Discours trompeur sur les cryptomonnaies

Pierre Poilievre a aussi déclaré récemment que les cryptomonnaies représentent un remède contre l’inflation. Cette déclaration est trompeuse. La volatilité est extrêmement forte sur les cryptomonnaies et leur utilisation demeure marginale par rapport aux grandes monnaies du monde.

Le bitcoin a chuté de 55 % depuis novembre dernier, le Dogecoin a perdu environ 82 % depuis un an, l’Ethereum a perdu 45 % et la cryptomonnaie Terra, de type stablecoins, s’est carrément effondrée dans les derniers jours, perdant presque toute sa valeur. Cette cryptomonnaie avait pour mission d’être corrélée au dollar américain.
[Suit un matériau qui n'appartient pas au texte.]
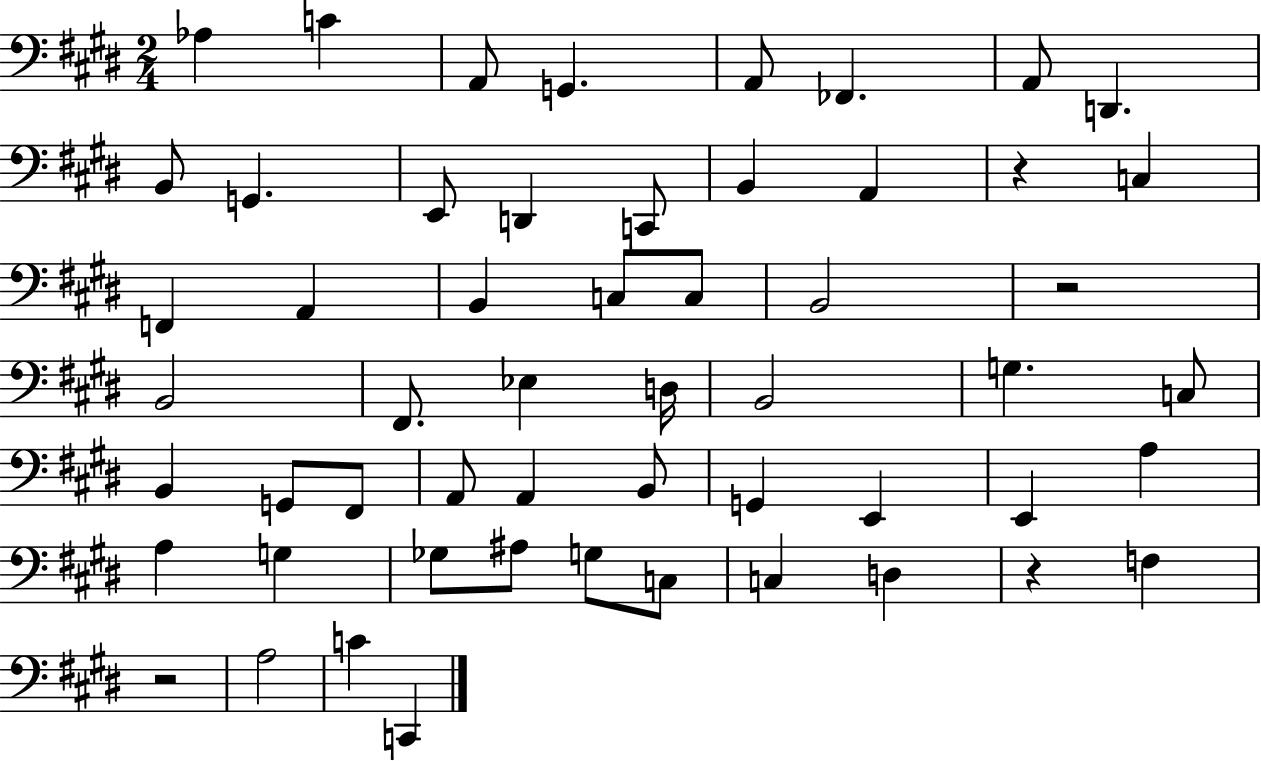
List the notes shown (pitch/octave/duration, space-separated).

Ab3/q C4/q A2/e G2/q. A2/e FES2/q. A2/e D2/q. B2/e G2/q. E2/e D2/q C2/e B2/q A2/q R/q C3/q F2/q A2/q B2/q C3/e C3/e B2/h R/h B2/h F#2/e. Eb3/q D3/s B2/h G3/q. C3/e B2/q G2/e F#2/e A2/e A2/q B2/e G2/q E2/q E2/q A3/q A3/q G3/q Gb3/e A#3/e G3/e C3/e C3/q D3/q R/q F3/q R/h A3/h C4/q C2/q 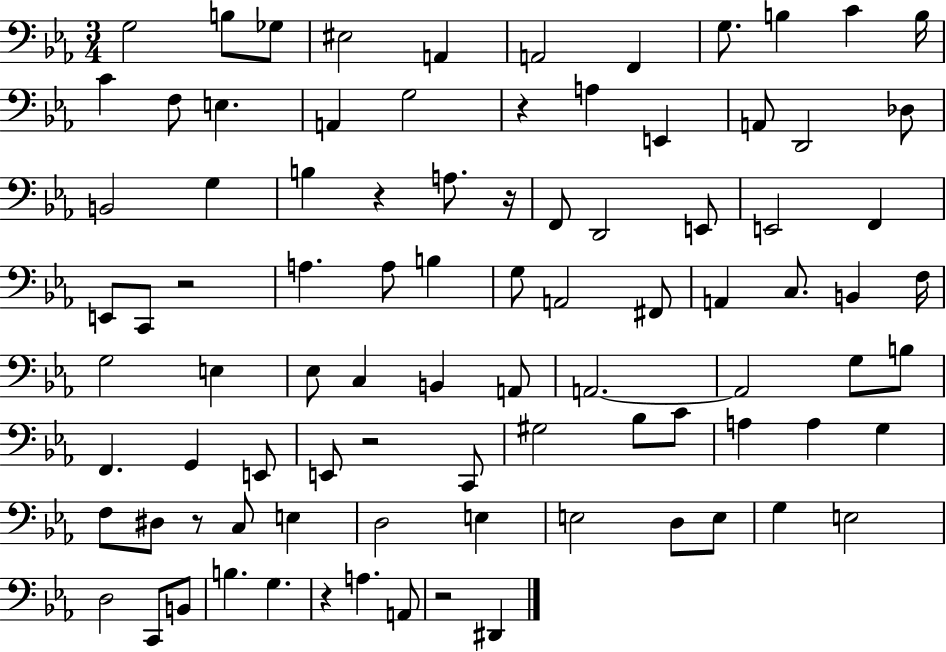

À la recherche d’actifs sûrs, les investisseurs ont décroché et la valeur de Terra s’est évaporée.

Pierre Poilievre a aussi déclaré récemment ceci : On va donner aux gens la liberté, la LI-BER-TÉ de choisir leur propre monnaie sans que la Banque du Canada puisse intervenir pour imprimer de l’argent et dévaloriser la devise.

Cette déclaration est également trompeuse. Depuis un an, le dollar canadien a évolué entre 77 et 83 cents US, essentiellement entre 77 et 80 cents US la plupart du temps. La devise n’est pas dévalorisée par le travail de la Banque du Canada. D’autres facteurs sont à l’œuvre, en particulier la recherche par les investisseurs d’actifs sûrs, en dollars américains, en raison des craintes liées à l’inflation et les risques, encore peu élevés, de récession.

L’objectif de Pierre Poilievre est de gagner la chefferie du Parti conservateur. Mais il ne peut pas le faire en laissant tomber les faits les plus élémentaires sur les banques centrales et les cryptomonnaies.